Je n’ai pas vu les choses sous cet angle, bien entendu. Ce qui était le plus important pour moi à ce moment là, c’est qu’ils puissent m’offrir le jeu dont j’avais envie. Je n’ai pas imaginé les implications familiales et les conflits latents que cette générosité plus ou moins calculée a engendré. J’étais loin de tout cela, moi qui vivait la plupart du temps reclus dans ma chambre avec mes quantités phénoménales de Legos, ou mes amoncellements de Playmobils dans le jardin. Ils m’ont permis de m’évader d’une sphère scolaire qui s’apparentait de plus en plus à un Enfer. Ils m’ont éloigné de dissensions grandissantes entre mon père et ma mère. Et, surtout, ils m’ont servi de support à un imaginaire personnel de plus en plus riche qui ne demandait qu’à s’exprimer.

Il est étrange comme certains souvenirs s’impriment en vous. Ceux-ci, comme les précédents que j’ai relaté jusque là pour expliquer le contexte de ma vie à cette époque appartiennent à cette catégorie.

Je suis conscient que je me suis peut-être trop longuement étendu sur mon environnement personnel de ces années charnière de mon existence. Mais il révèle d’innombrables choses qui sont à l’origine de l’homme que je suis aujourd’hui. Je suis convaincu que si je n’y avait pas été confronté, que si je ne les avait pas reçu aussi violemment jusqu’à ébranler les fondations de ma personnalité d’alors, tout ce qui a suivi ne serait jamais advenu. Et ne pas les avoir détaillé avant d’aller plus loin ne vous aurait pas permis, cher lecteur, chère lectrice, de cerner les conditions dans lesquelles j’étais plongé au cours de cette période. Vous n’auriez pas appréhendé à quel point les bouleversements que je vais décrire maintenant ont transformé ma vie.

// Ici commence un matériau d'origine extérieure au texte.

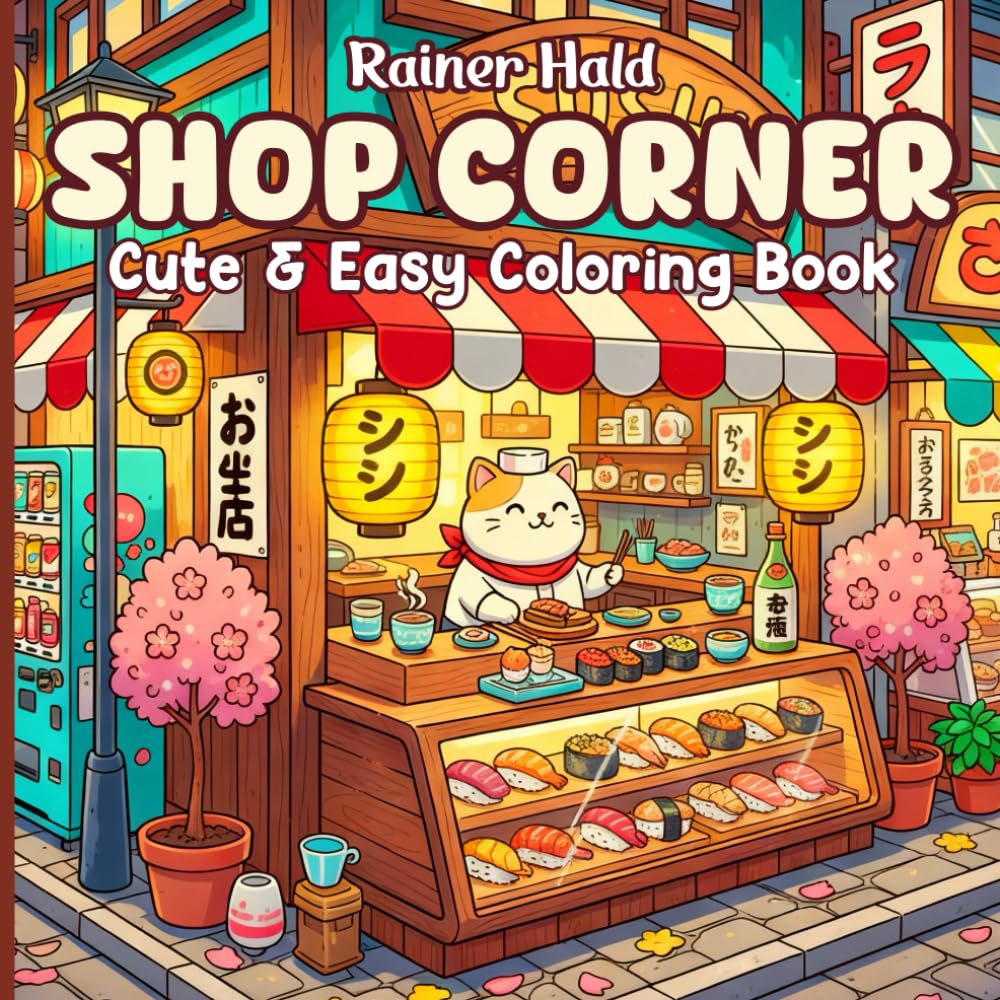 Shop Corner Coloring Book Cute Cat For Adults, Teens And Kids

Aussi, le jour où mon père est entré dans ma chambre, il était chargé de livres qu’il avait ramené du Ministère de l’Intérieur. Il m’a aussitôt demandé de dégager certaines de mes étagères pour qu’il puisse les y entreposer. J’ai immédiatement obtempéré. J’ai rapidement vidé celles installées dans l’angle situé juste à coté de la porte. Je me souviens encore de ce petit renfoncement que mon père avait transformé en étagères après notre installation dans ce pavillon qui était alors dans un état de délabrement avancé. La première fois que nous avons voulu y pénétrer, en 1980, mon père a dégagé un passage entre le porche en fer forgé rouillé menant à la rue et la porte du bâtiment à coups de machette. Ce jour-là, on se serait cru dans un film « d’Indiana Jones », tellement les herbes et les branchages encombrant le jardinet y conduisant étaient hauts et touffus. Et il a fallu à peu près une dizaine d’années de travaux incessants pour que la demeure retrouve un aspect convenable.

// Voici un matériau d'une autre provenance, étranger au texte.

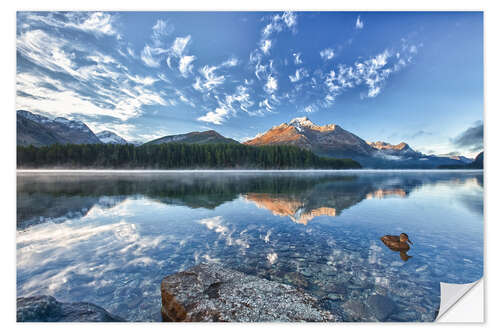 Adesivo murale Sunrise at Lake Sils, Engadine, Switzerland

Même si lorsque mes parents ont à nouveau déménagé en 1991 pour s’expatrier de la région parisienne à la Sarthe la bâtisse n’était pas entièrement rénovée, le plus gros avait été fait. Et l’un des premiers chantiers que mon père a entrepris, c’est la réhabilitation complète de l’étage ; c’est à dire, là où existaient nos chambres, à mon père et à ma mère, à mon frère, à ma sœur, et à moi. Ces premiers aménagements d’envergure ont été mis en place aussitôt après l’achat de la maison, et alors que nous vivions toujours en appartement dans une autre ville de la banlieue parisienne non loin de cette dernière. Ils étaient les plus urgents afin que nous puissions nous y établir définitivement. Les suivants, éparpillés dans les endroits les plus divers, se sont étendus tout le long des années suivantes à un rythme un peu moins soutenu.